We’re looking at market access for this product and hopefully to see something in the next couple of quarters where we can announce some type of deal that has this product in some longer term process around feeding in the aquacultural space. In addition, we’re also looking for regulatory pathways to market on our poultry feed which we announced those tests a couple of years ago which were successful as well.

This knowledge is solidifying our vision of using ethanol plant to feed the needs of the algae process. We continue to have a multitude discussions with end users mainly focused on human nutrition in animal feed.

We want to make sure when we announce an agreement it's for a product we can make and a product our partner can use. We will not announce for the sake of announcing if we cannot execute on this product.

A non-binding agreement is exactly that and we will now play that game. While it doesn’t seem like a lot going on let me assure you these latest developments has increased our enthusiasm that there is value in the third of the corn kernel where we get the CO2 from.

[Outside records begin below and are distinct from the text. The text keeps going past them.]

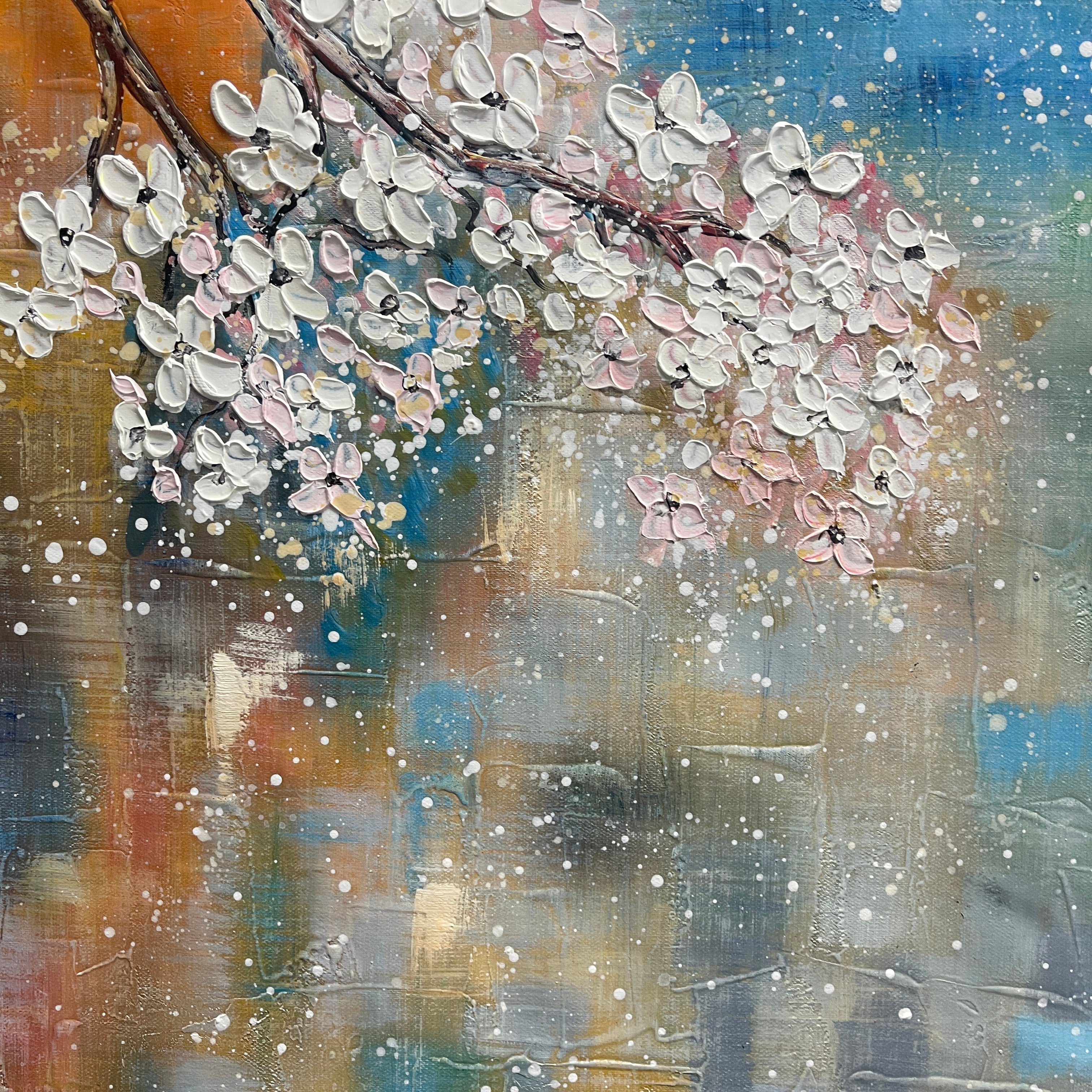 Sakura - 80x40"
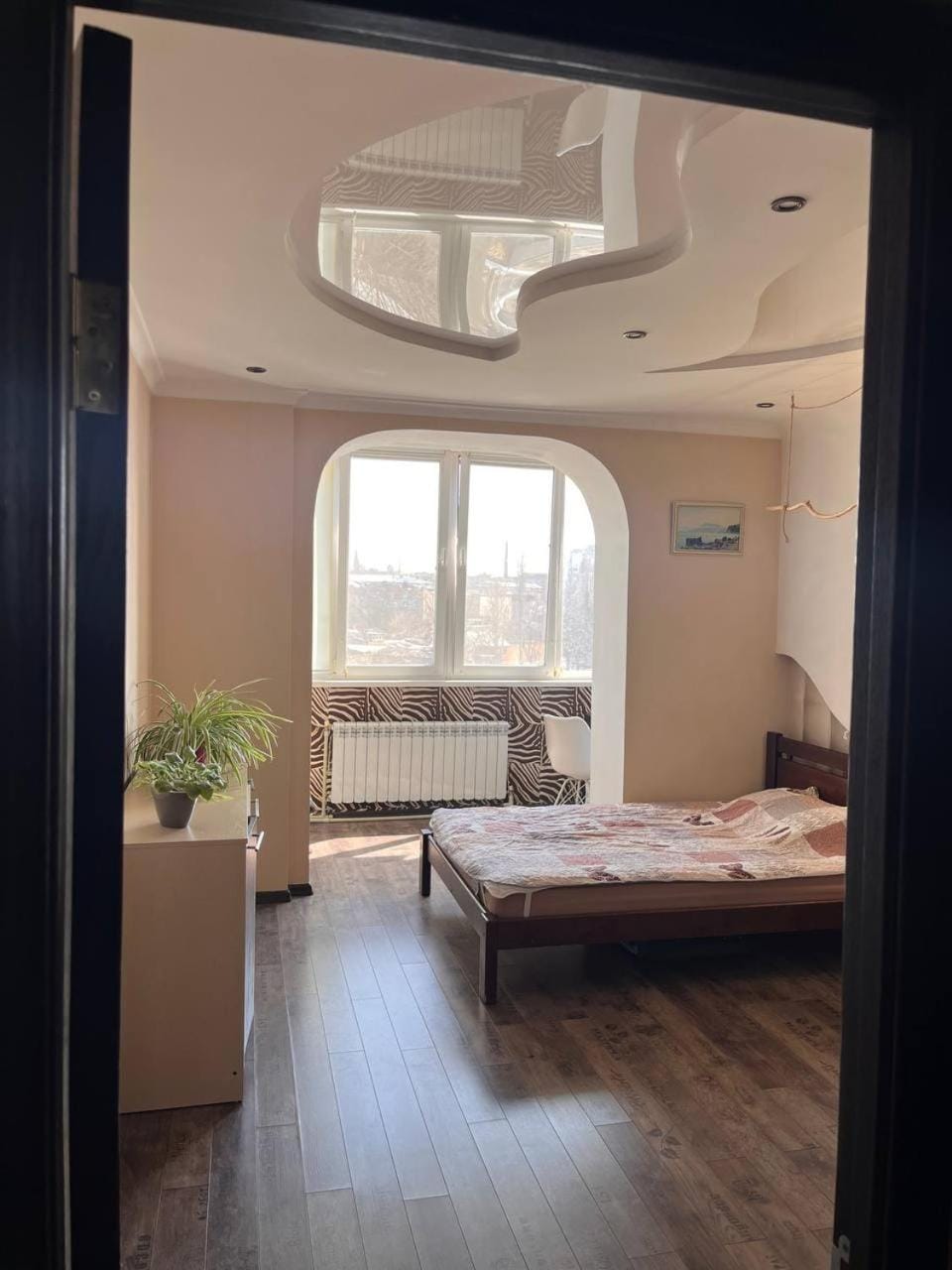 View (from property/room), Bedroom, City view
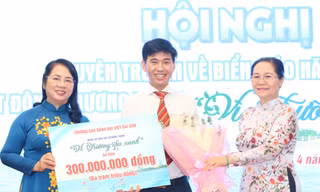 TPHCM phát động chương trình Vì Trường Sa xanh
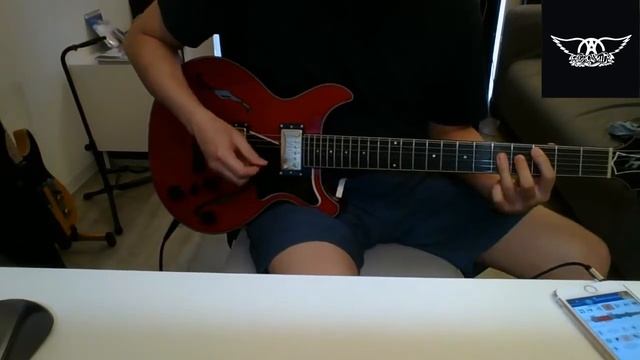 Dream on(Tech21 TRI-OD, Zoom G1 FOUR, Aerosmith cover) смотреть онлайн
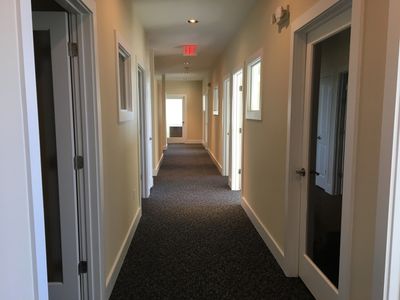 An example of a Relax General Contracting commercial project of an office build-out in Delaware.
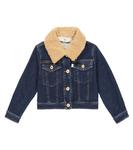 Джинсовая куртка Il Gufo, синий - фото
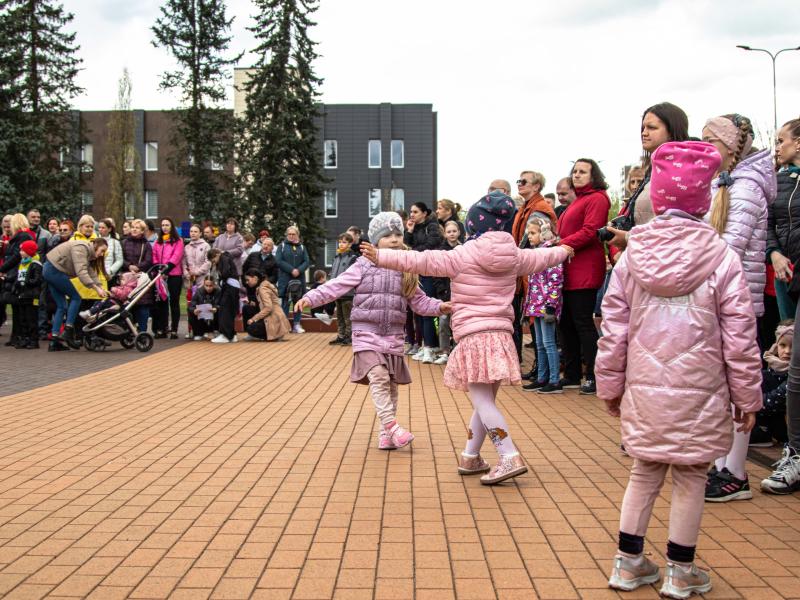 Tarptautinė Šokio diena Jonavoje!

So Green Plains continues to focus on growth. We will continue to seek opportunities to expand our platform across the value chain.

We believe that adding more capacity whether it’s processing agricultural commodities into finished products using our trade posts to earn additional returns on monetizing our intellectual capital by managing third party capital we believe we are well-positioned for growth. We also believe scale and commodity processing businesses like ours benefits and we intend to deliver those benefits to our shareholders.

In closing, we made good progress in 2013, delivered strong financial results and the earnings power of our platform should continue to improve. Our focus has always been on growing long term shareholder value and believe we are on the right path to continue that.

Finally, we’re excited to pay our first dividend, we were excited to pay our first dividend at 2013 and hopefully you’ll see that the shows that we have great confidence in the future of our company. Thanks for joining in the call today.

And I’ll ask our Makida to start question and answer session.

Operator

Thank you. (Operator Instructions).

We’ll take our first question from Farha Aslam with Stephens, Inc.

Farha Aslam - Stephens, Inc.

And my question is regarding the international markets. U.S.

ethanol is flowing out to new markets. Do you think it's because demands in those new markets are, is growing are we simply replacing Brazil which is not in the export market right now?

Todd Becker

Well it’s a little bit of both. I mean, we’re seeing new markets open up that both Brazil and U.S.

have not shipped a lot to. I mean, it comes down to the price of the molecule and with U.S.

ethanol as cheap as it is we’re finding both new markets and replacement markets for Brazil ethanol from - for our ethanol globally.

Farha Aslam - Stephens, Inc

And so longer term when you think about supply demand dynamics for U.S. ethanol as Brazil comes back online what are your thoughts there?

Todd Becker

It really comes down to and we talked about in the past is who has the cheapest sugar and with corn at $4.50 or lower we believe we have the cheapest sugar which converts us into the cheapest ethanol globally. So as long as we maintain that competitive advantage from an initial feedstock we think we’ll be competitive globally as well.

So I mean, when you look at the next five years we are continuing to project a increase globally in demand while not projecting a huge increase globally in supply of ethanol, so the balance sheet certainly looks in our favor. The one wild card is going to be China.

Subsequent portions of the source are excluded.